[DATASET Boundary: Start]
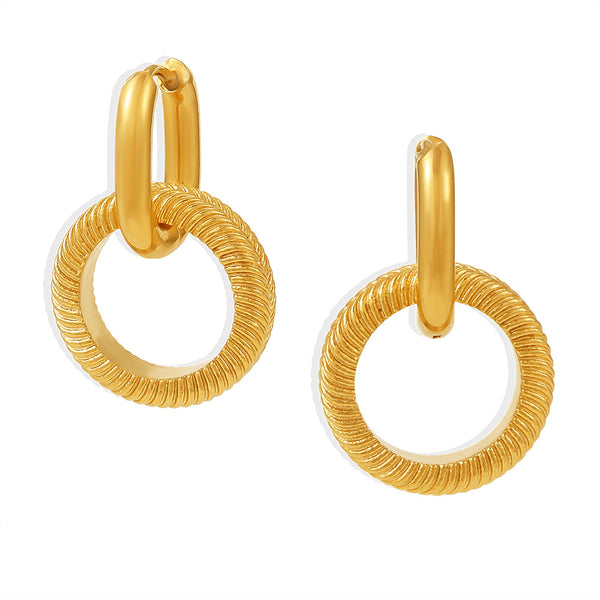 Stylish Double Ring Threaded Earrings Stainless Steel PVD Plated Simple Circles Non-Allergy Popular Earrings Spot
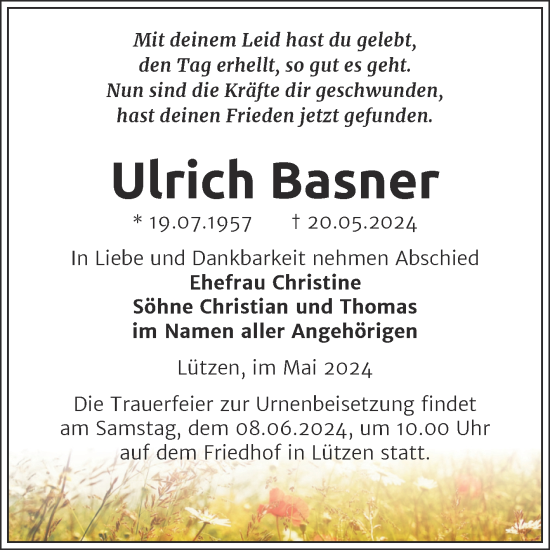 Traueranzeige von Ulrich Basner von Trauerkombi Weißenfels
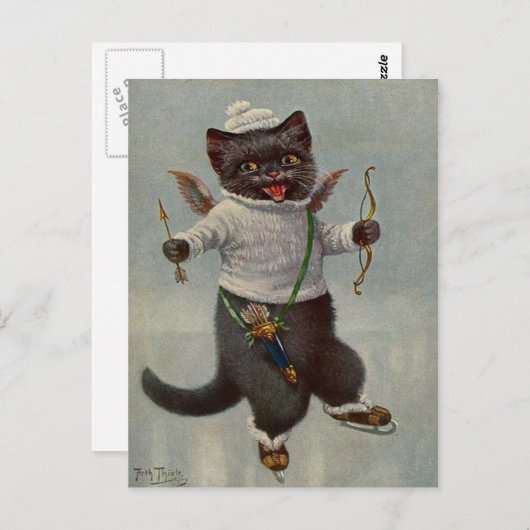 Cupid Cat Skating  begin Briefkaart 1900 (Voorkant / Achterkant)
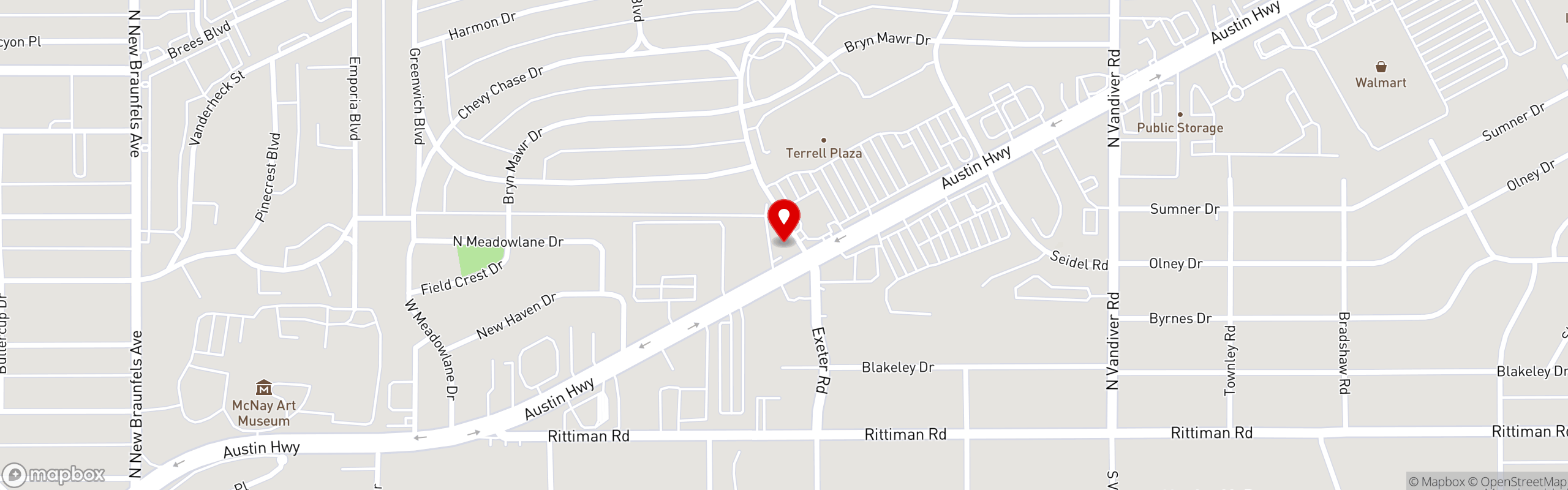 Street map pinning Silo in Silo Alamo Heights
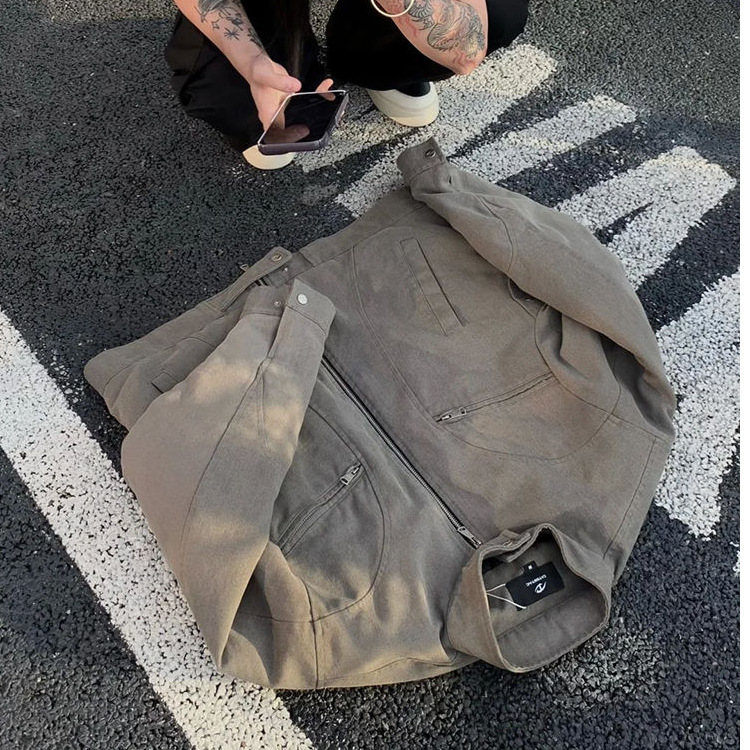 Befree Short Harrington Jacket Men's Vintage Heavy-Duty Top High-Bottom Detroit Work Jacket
[DATASET Boundary: End]
TASK ITEM
From the first line of the records through the line with "Street map pinning", reproduce each line exactly and leave the pictures out.

REPLY
 Stylish Double Ring Threaded Earrings Stainless Steel PVD Plated Simple Circles Non-Allergy Popular Earrings Spot
 Traueranzeige von Ulrich Basner von Trauerkombi Weißenfels
 Cupid Cat Skating  begin Briefkaart 1900 (Voorkant / Achterkant)
 Street map pinning Silo in Silo Alamo Heights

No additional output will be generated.